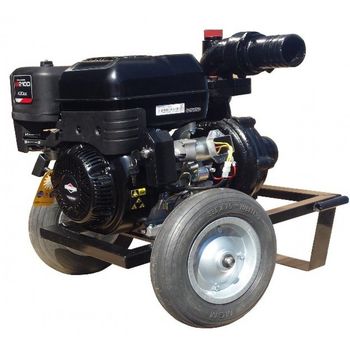 Мотопомпа Briggs & Stratton DWP 420 BS3 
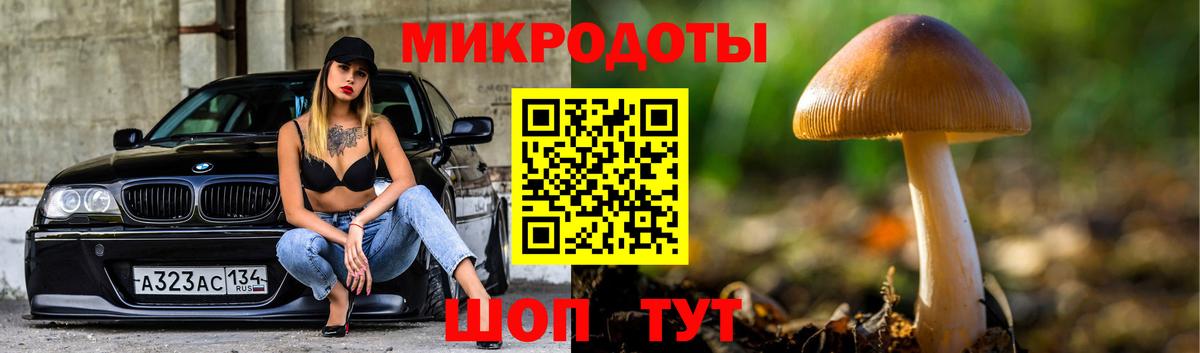 Псилоцибиновые грибы мицелий Сальск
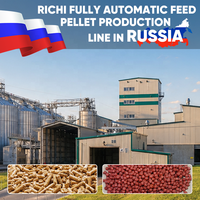 Ligne de mélange et de granulation d'aliments RICHI Russie - Machine de fabrication de granulés d'aliments pour volailles de haute qualité, ligne complète de production d'aliments pour bétail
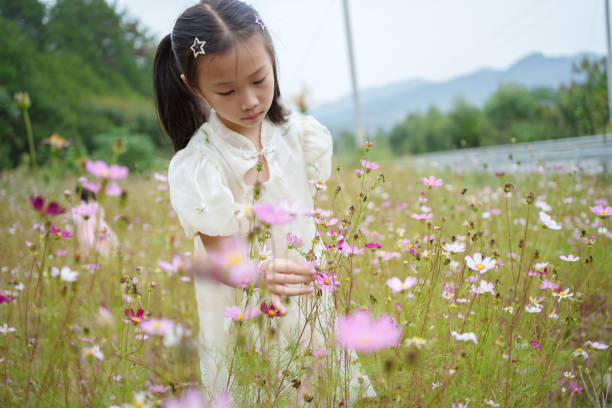 istock Children picking wild flowers 1719670186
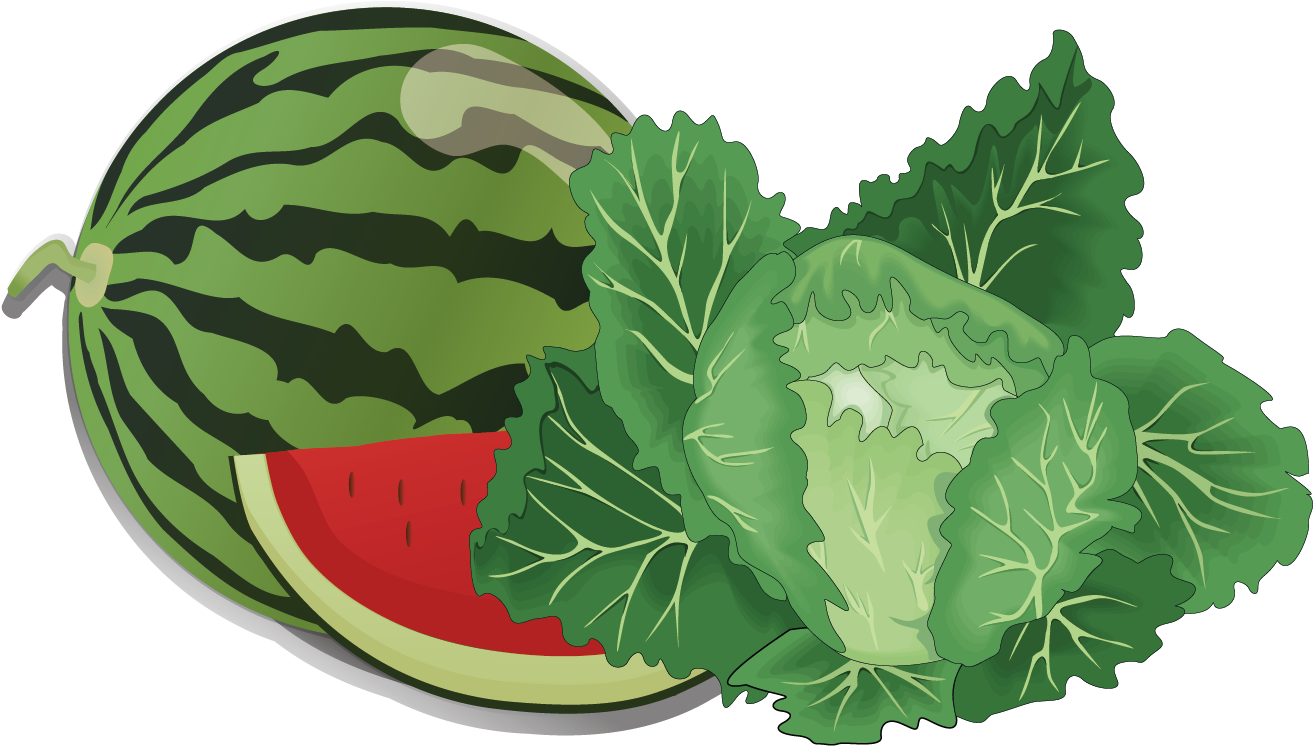 Fruit Vegetable Clip Art - Fruits And Vegetables Shower Curtain (1574x905)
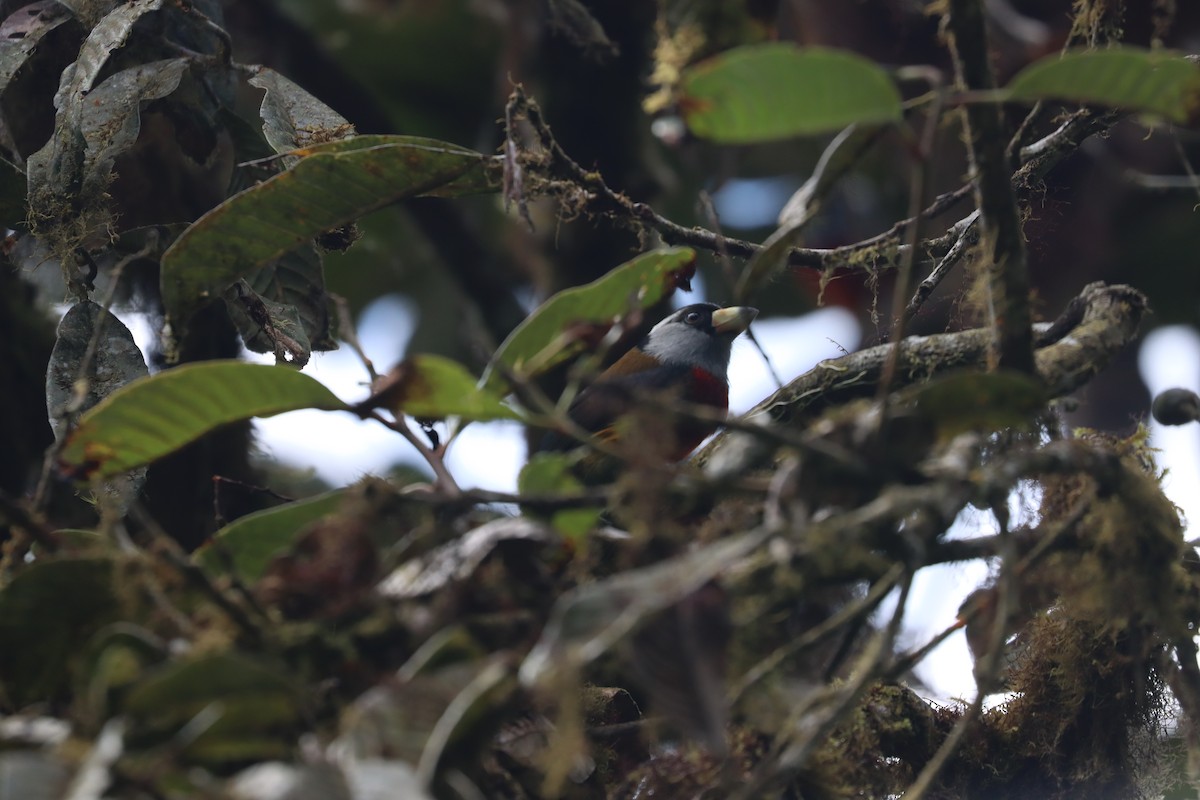 Toucan Barbet - ML641709237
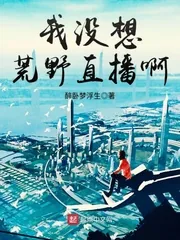 《我没想荒野直播啊》封面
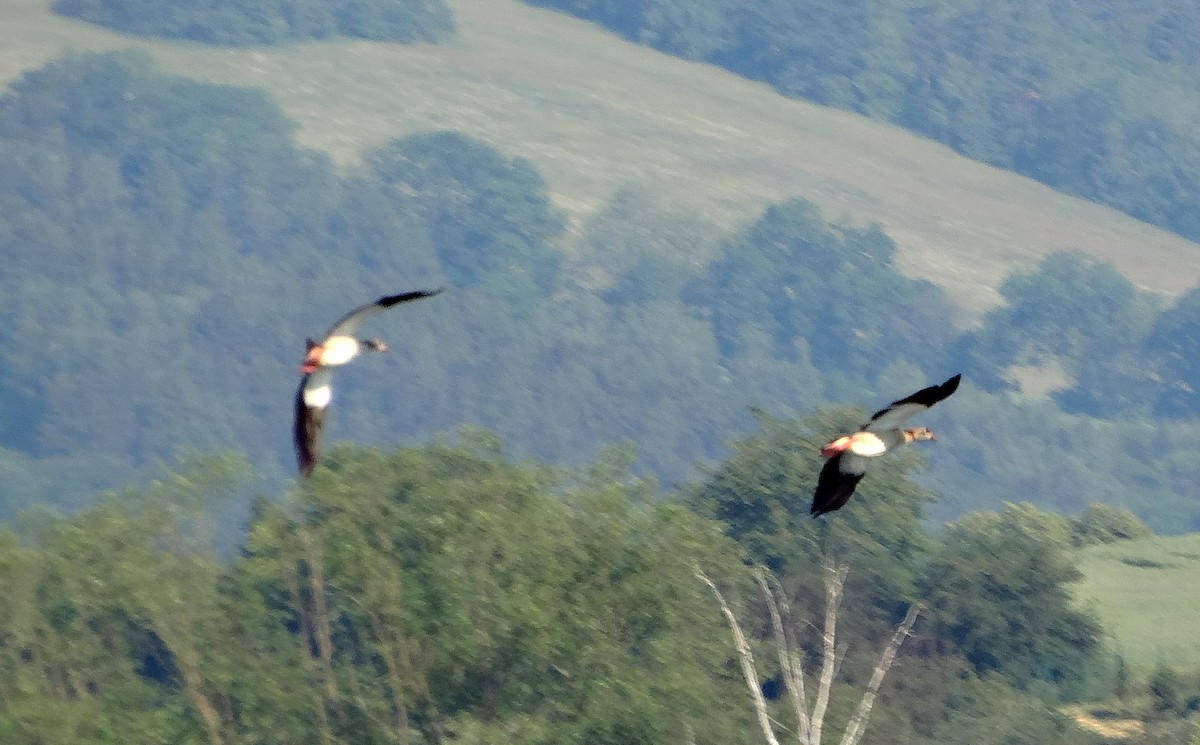 Egyptian Goose - Jan Richtr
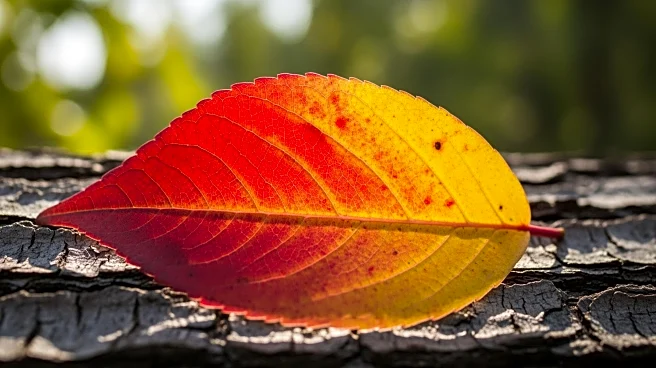 Deciduous Trees: Nature's Colorful Display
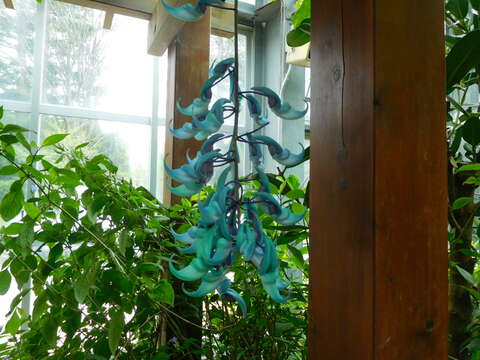 Image of Jade Vine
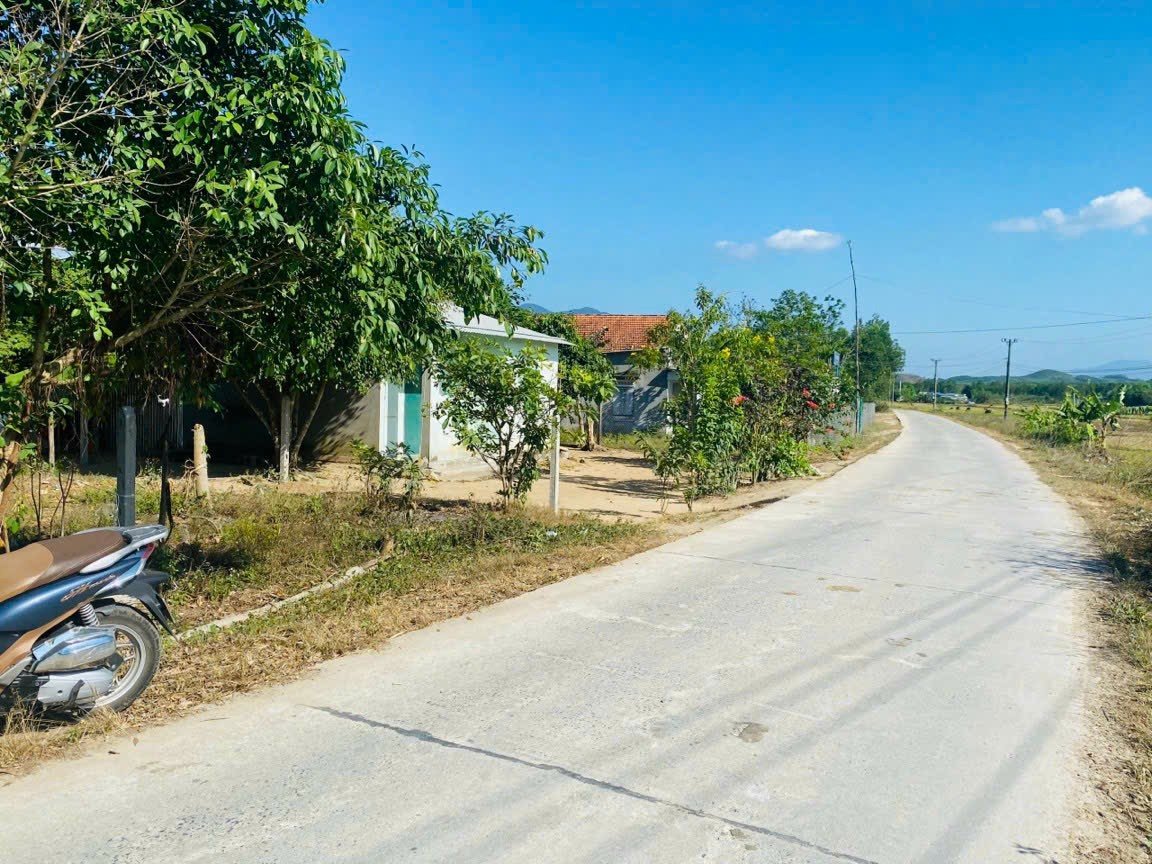 Bán đất Khánh Bình giá rẻ có thổ cư mặt đường bê tông liên thôn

# # #

**Task details:**
Although the records include pictures, output only their text, exactly and completely.

**Task response:**
 Мотопомпа Briggs & Stratton DWP 420 BS3 
 Псилоцибиновые грибы мицелий Сальск
 Ligne de mélange et de granulation d'aliments RICHI Russie - Machine de fabrication de granulés d'aliments pour volailles de haute qualité, ligne complète de production d'aliments pour bétail
 istock Children picking wild flowers 1719670186
 Fruit Vegetable Clip Art - Fruits And Vegetables Shower Curtain (1574x905)
 Toucan Barbet - ML641709237
 《我没想荒野直播啊》封面
 Egyptian Goose - Jan Richtr
 Deciduous Trees: Nature's Colorful Display
 Image of Jade Vine
 Bán đất Khánh Bình giá rẻ có thổ cư mặt đường bê tông liên thôn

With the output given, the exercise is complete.